García Martínez – 24 septiembre 1993
Como andamos tan embebidos en las incidencias de lo cotidiano, se nos escapan las mejores. Flotamos en la superficie, recibiendo palazos de un lado y de otro. Cuando queremos darnos cuenta de que existimos, cae la tarde, se acaba el día y viene la noche eterna. La distracción que producen las naderías nos impide pensar acerca de la “vida y sus cosas. Pocas veces nos detenemos en la contemplación de un pimiento. Más aún, nos permitimos decir que esto o aquello nos importa un pimiento. Y, sin embargo, un pimiento es en sí mismo más hermoso que algunos cuadros del Museo del Prado. Y qué contarle si hablamos del Museo de Arte Contemporáneo.

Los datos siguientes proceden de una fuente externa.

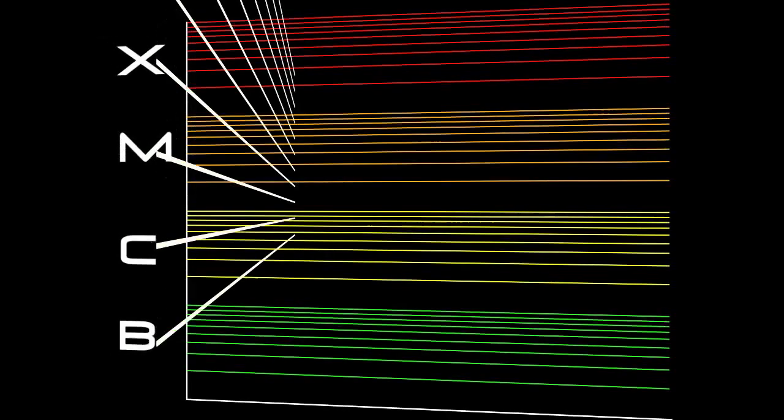Flares are classified according to their strength. The smallest ones are B-class, followed by C, M, and X, the largest. Similar to the Richter scale for earthquakes, each letter represents a tenfold increase in energy output. So an X is ten times an M, and a hundred times a C. Within each letter class, there is a finer scale from 1 to 9.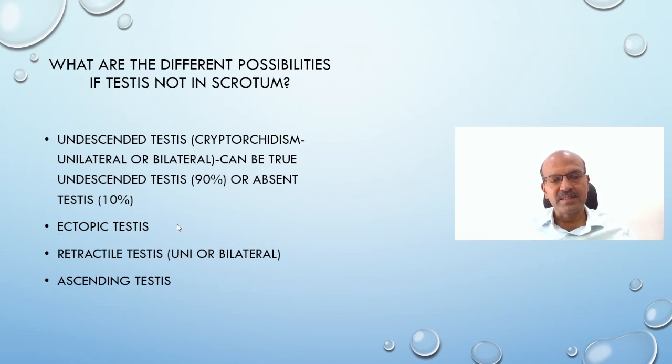Ectopic testis is where the testis forms in the normal place but during descent it loses track and migrates elsewhere. We also have retractile testis, where the cremasteric reflex and cremasteric muscle contraction is very active, so the testis comes down to the scrotum but gets pulled up due to stimuli like cold. It's very important to examine in appropriate postures in older kids — kneeling or squatting — so we don't miss retractile testis. Ascending testis is where the testis may have descended but then starts migrating back up, more relevant for pediatricians seeing older kids.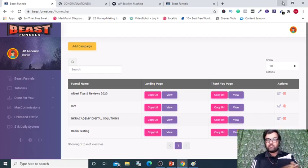Hey there, hello and welcome to my Beast Funnels review. I'm Cheyenne from NKAcademy.com and I'm within the members area of Beast Funnels, which is going to be released on the 22nd of July at 9am Eastern Standard Time on Warrior Plus and will be on a launch special discount.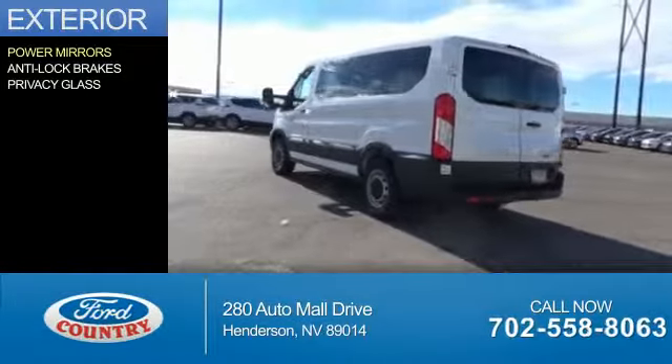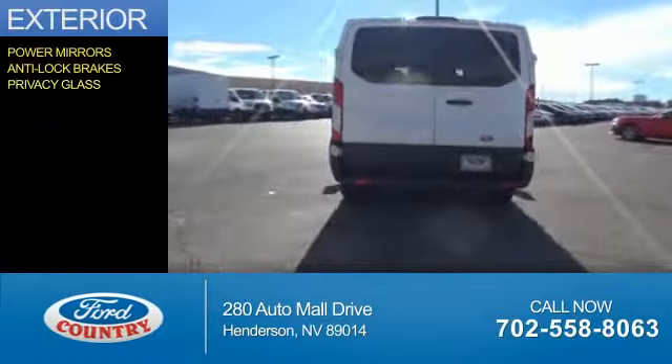The features include power mirrors, anti-lock brakes, privacy glass.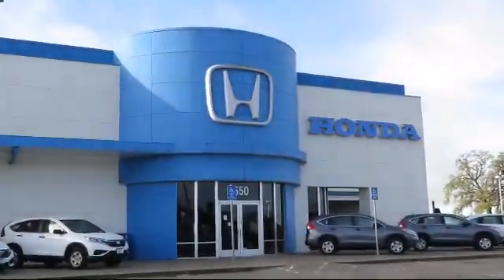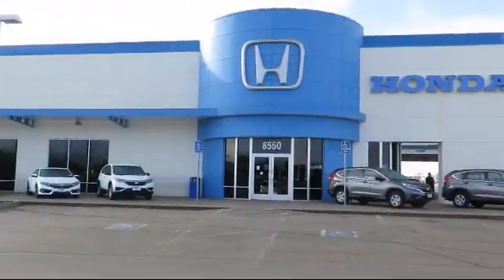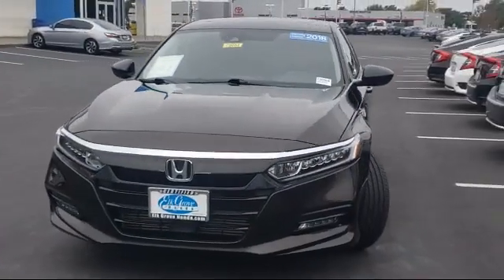Welcome to Elk Grove Honda, the greater Sacramento area's premier Honda dealership, and here's a look at one of our pre-owned vehicles from our great selection.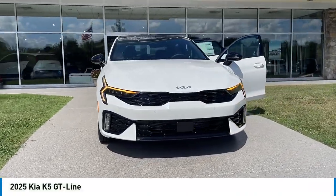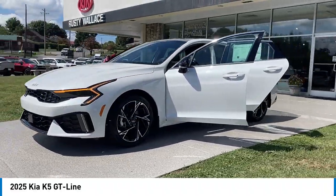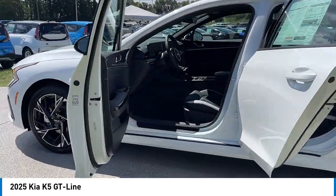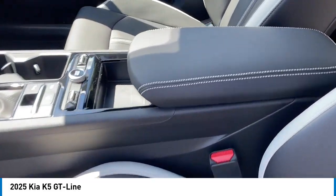Make a great choice today with the 2025 Kia K5. The Kia K5 has a stylish exterior that will be sure to turn heads. The sleek interior looks fantastic, and the handling and abundance of technology will make this a fun vehicle to drive.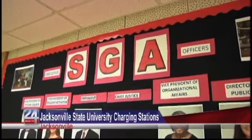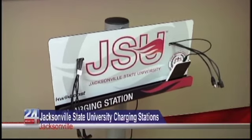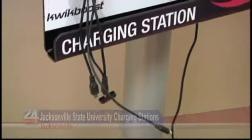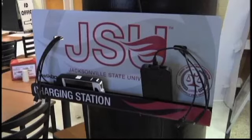A local university provides its students with a convenient and economical way to keep their cell phones charged. The Jacksonville State University Student Government Association set up seven phone charging stations and one mobile station. JSU SGA President Brett Johnson says the idea came to the organization last year.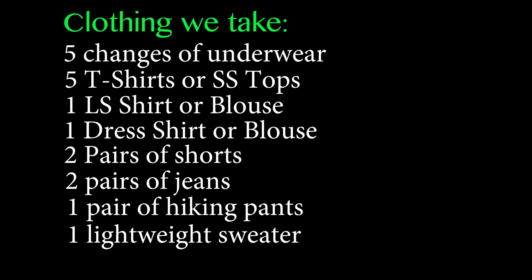First of all, you don't need a clean outfit for every day, so that means you don't need as many clothes as you probably think you need to take. For Mike and me, this is how it works out: five changes of underwear, five t-shirts or short sleeve tops, one long sleeve shirt or blouse, one dress shirt or blouse, two pairs of shorts, two pairs of jeans, one pair of hiking pants, and a lightweight sweater.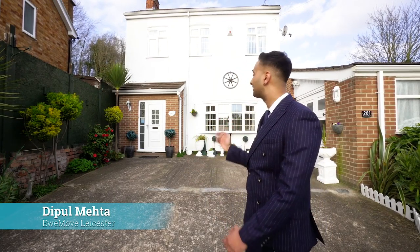Hello there, I'm Dipulmeta from Youmove Leicester and I'm delighted to present to you this unique three-bedroom property located on Thurkeston Road.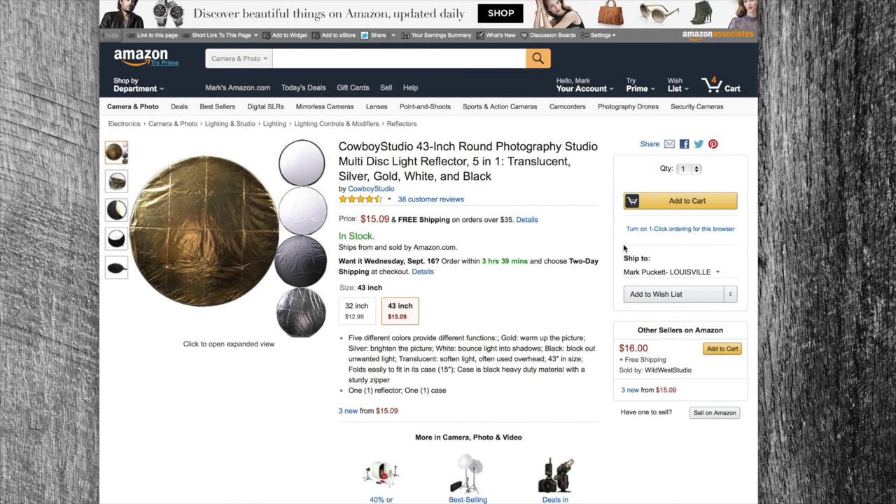For the meager price of only $15.09, it really is hard to go wrong. Mine is still going strong — I haven't had a rip, I haven't had it fail on me, I can still twist it and put it in its storage bag and tuck it away. It still works perfectly, and I paid a lot more for it four years ago, so at $15.09 I think it's kind of a no-brainer.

Hoy me refiero al dormir. Los hombres (y las mujeres, desde luego) nos limitamos a dormir, sin pararnos a reflexionar sobre lo que supone y significa permanecer inconscientes, dentro pero fuera de la vida, durante tantas horas. Si se mira bien, dormir está barato como estupendo. Y benéfico. Para uno, por lo que tiene de neutro y reparador; y para el común, porque mientras duerme, el hombre no es lobo del hombre. Ningún daño hace a nada ni a nadie -permaneciendo en reposo- el colectivo humano.
Dormir es placentero. No propiamente dormir, sino ir dejándose caer, en la duermevela, por el tobogán del sueño. Hay quienes lo entienden. Son los que se hacen avisar antes de hora por el despertador, para deleitarse con la idea de que aún pueden dormir un poco más.